原来,气势汹汹的“黑老大”光天化日之下竟敢手握长刀,带着“尖下巴”和“长马脸”追杀上来了!
“快跑!”我猛拉一把邓世祥,没命似的向前奔逃。
“站住!他妈的,你们给老子站住!你们给老子马上站住”只听“黑老大”在后面追着喊。
我拖着邓世祥亡命般地猛跑。我知道,这个时候的“尖下巴”与后面的同伙碰了头,必然已核实了我们的身份。因为这次暗访只有报社领导知情,而报社其他人员根本不知道我们此时的处境,当有人打电话询问我们的情况时,自然会将我们的记者身份如实相告。后来我才了解到,我和邓世祥刚走的同时,“黑老大”把玩我们的呼机,上面显示报社正在寻找我们的留言。他们看到后不由心惊胆战,杀心顿起,一致决定豁出去也不能留我们活口。
跑步对于我来说是强项。当年我在海军陆战旅时,艰苦的体能训练中,我们每天至少要保持一个10公里和5公里的负重长跑训练。后来这个长跑的习惯我又坚持了多年,所以在这个节骨眼儿上,长跑的速度和耐力,一般人还真难以与我相比。我迎着阳光跑去,对温暖与生命前所未有的极度渴望使我萌发了无穷无尽的动力。当我一鼓作气冲出王圣堂村牌坊,一眼发现邓世祥正坐在街沿上喘粗气。
“站住!快给我站住!”我还没来得及回答邓世祥,“黑老大”带人追踪而至,大砍刀挥舞着。我来不及停下,凭借惯性拽上邓世祥向马路狂奔。

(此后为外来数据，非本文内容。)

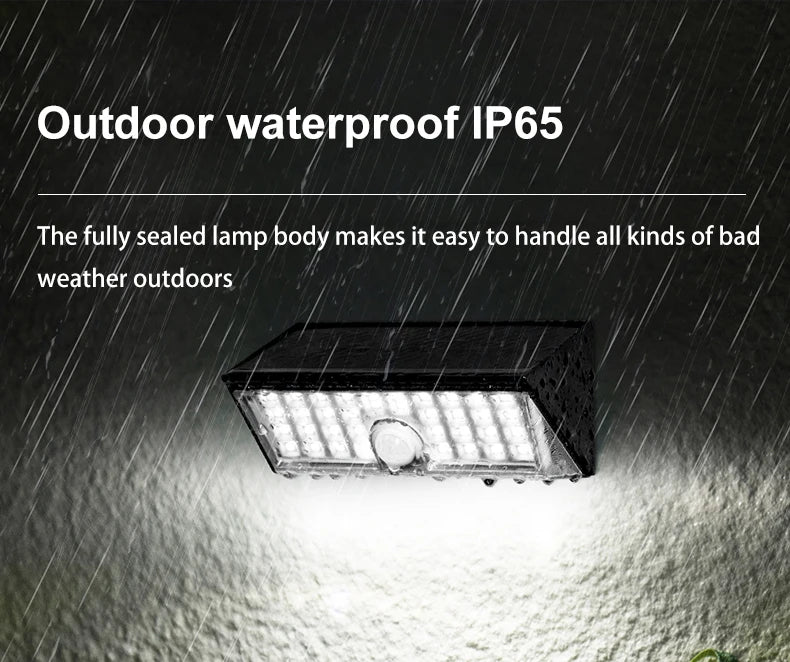 Solar Lighting Wall Light Super Bright 38 Led Motion Sensor Wall Lamp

我们冲出了王圣堂牌楼,接着又跑到了人流细密如织的广园西路口。这时,一辆从白云区瑶台开往广州华葆公园的189路公共汽车正好迎面驶来。此时的我真像溺水的人突然捞到一根救命绳子一样,我拉着邓世祥的手,什么也没多想,还没等司机将车开到站牌前停稳,我们就向车门扑过去。
我想也没想,就将身上仅有的两张10元纸币统统塞进了投币箱,这20元钱正是临出门时黑老大给我们作路费的。随着公共汽车大门啪的一声关紧,我和邓世祥紧悬着的心终于才放下来。
接着,我们这两位死里逃生的年轻人,情不自禁紧紧拥抱在一起,眼泪夺眶而出。邓世祥紧握着我的双手,哽咽着对我说:“好兄弟,今天如果不是你,我的小命早就没了你是我的救命恩人,从现在开始,我们是生死与共的兄弟,我们是最好最好的朋友”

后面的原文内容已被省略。